* WORK ITEM
Go through the data line by line from the top, retyping each exactly, and end with the line that contains "Eden Valley Shirt LM 514937/37 4XL".
SUPPLIED ENTRIES below:
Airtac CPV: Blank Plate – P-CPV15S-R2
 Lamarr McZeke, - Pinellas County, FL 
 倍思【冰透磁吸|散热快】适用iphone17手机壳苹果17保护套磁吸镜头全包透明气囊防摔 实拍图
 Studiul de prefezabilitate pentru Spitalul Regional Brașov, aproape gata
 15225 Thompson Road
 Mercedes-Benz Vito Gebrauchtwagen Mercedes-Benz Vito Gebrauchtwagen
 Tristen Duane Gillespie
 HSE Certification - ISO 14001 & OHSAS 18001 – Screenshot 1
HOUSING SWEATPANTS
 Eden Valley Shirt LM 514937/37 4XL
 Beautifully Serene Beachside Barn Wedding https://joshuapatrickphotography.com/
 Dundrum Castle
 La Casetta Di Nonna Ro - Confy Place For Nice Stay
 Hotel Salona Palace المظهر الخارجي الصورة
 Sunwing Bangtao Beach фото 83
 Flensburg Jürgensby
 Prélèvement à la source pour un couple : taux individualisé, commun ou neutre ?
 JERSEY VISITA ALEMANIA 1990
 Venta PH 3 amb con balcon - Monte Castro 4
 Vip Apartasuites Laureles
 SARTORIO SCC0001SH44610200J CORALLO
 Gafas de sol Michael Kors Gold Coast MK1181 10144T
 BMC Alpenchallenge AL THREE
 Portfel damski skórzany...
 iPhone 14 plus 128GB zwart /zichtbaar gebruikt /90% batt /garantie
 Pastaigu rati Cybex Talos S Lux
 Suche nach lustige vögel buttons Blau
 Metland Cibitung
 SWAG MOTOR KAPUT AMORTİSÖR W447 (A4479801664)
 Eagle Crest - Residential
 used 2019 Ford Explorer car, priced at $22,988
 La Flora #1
End of SUPPLIED ENTRIES.
* TASK ANSWER
Airtac CPV: Blank Plate – P-CPV15S-R2
 Lamarr McZeke, - Pinellas County, FL 
 倍思【冰透磁吸|散热快】适用iphone17手机壳苹果17保护套磁吸镜头全包透明气囊防摔 实拍图
 Studiul de prefezabilitate pentru Spitalul Regional Brașov, aproape gata
 15225 Thompson Road
 Mercedes-Benz Vito Gebrauchtwagen Mercedes-Benz Vito Gebrauchtwagen
 Tristen Duane Gillespie
 HSE Certification - ISO 14001 & OHSAS 18001 – Screenshot 1
HOUSING SWEATPANTS
 Eden Valley Shirt LM 514937/37 4XL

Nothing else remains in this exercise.